- Problem -
From first line to last, transcribe the listing exactly and skip any image.

- Collected material -
BEGIN

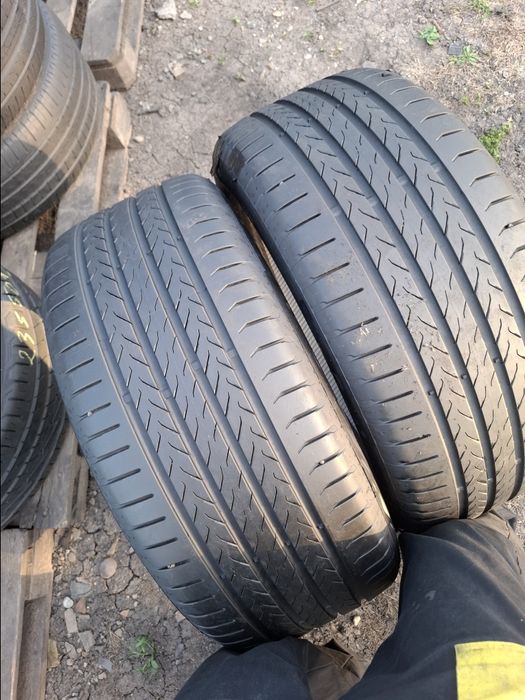 Vand 2 anvelope 245 50 19 continental de vara bune ca noi dot 2025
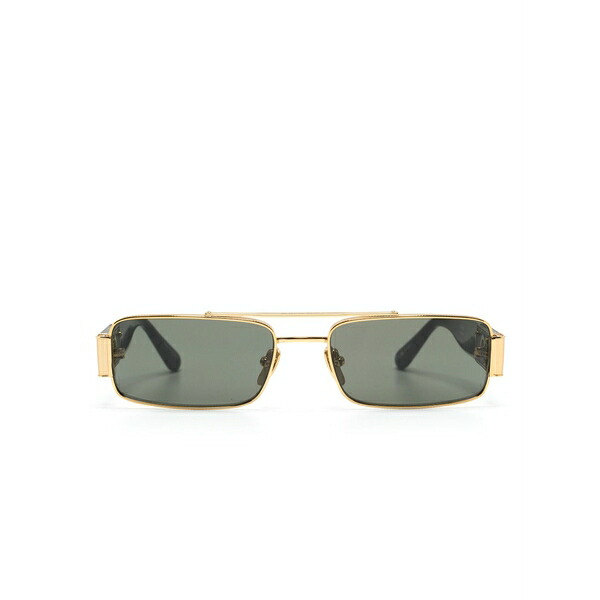 リンダ ファロー レディース サングラス&アイウェア アクセサリー Joey rectangle-frame sunglasses Black|asty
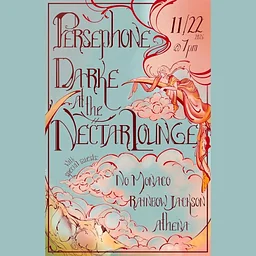 PERSEPHONE DARKE with Rainbow Jackson, No Monaco, Athena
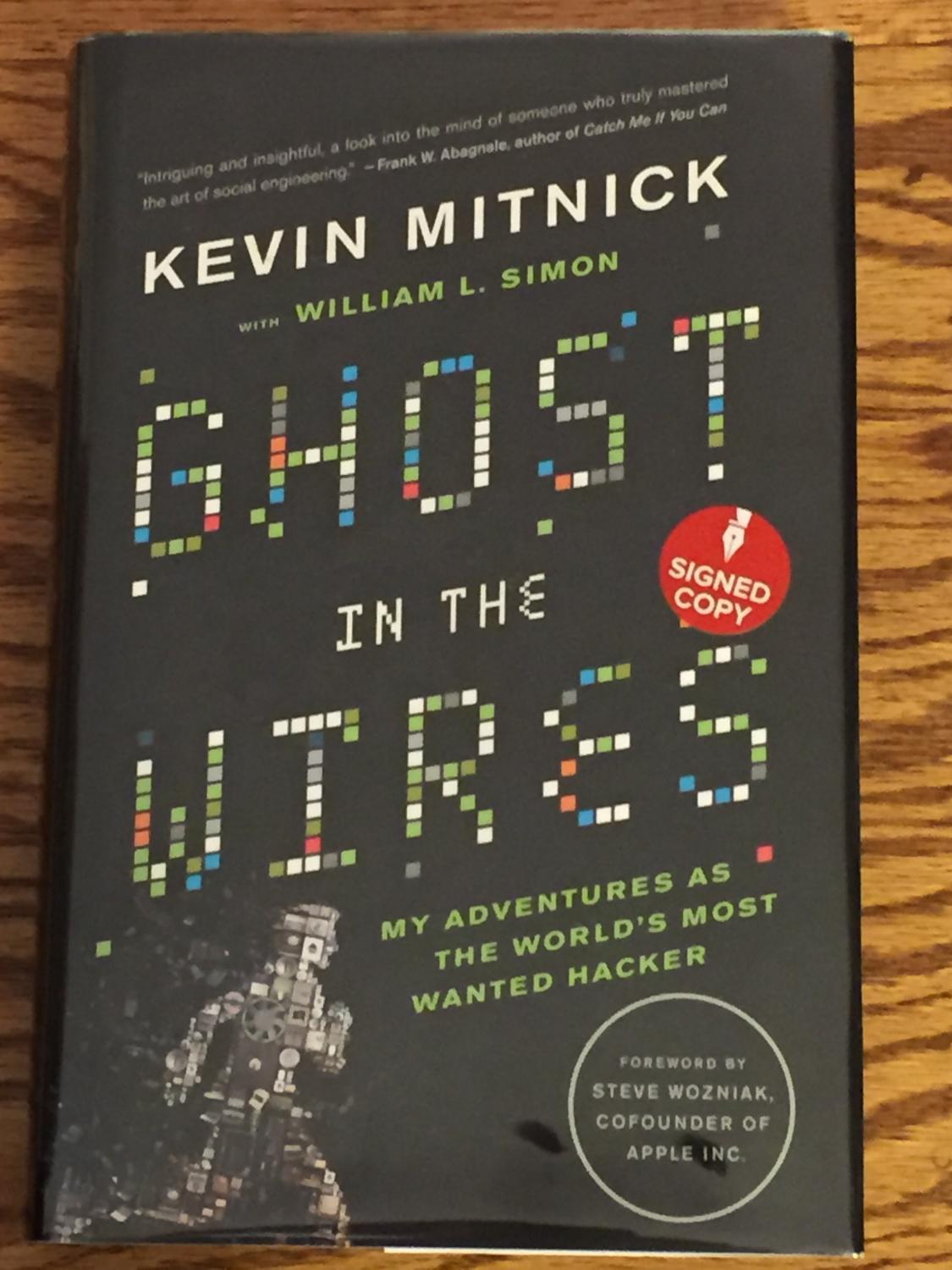 KEVIN MITNICK BOOK GHOST IN THE WIRES PDF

END

- Task result -
 Vand 2 anvelope 245 50 19 continental de vara bune ca noi dot 2025
 リンダ ファロー レディース サングラス&アイウェア アクセサリー Joey rectangle-frame sunglasses Black|asty
 PERSEPHONE DARKE with Rainbow Jackson, No Monaco, Athena
 KEVIN MITNICK BOOK GHOST IN THE WIRES PDF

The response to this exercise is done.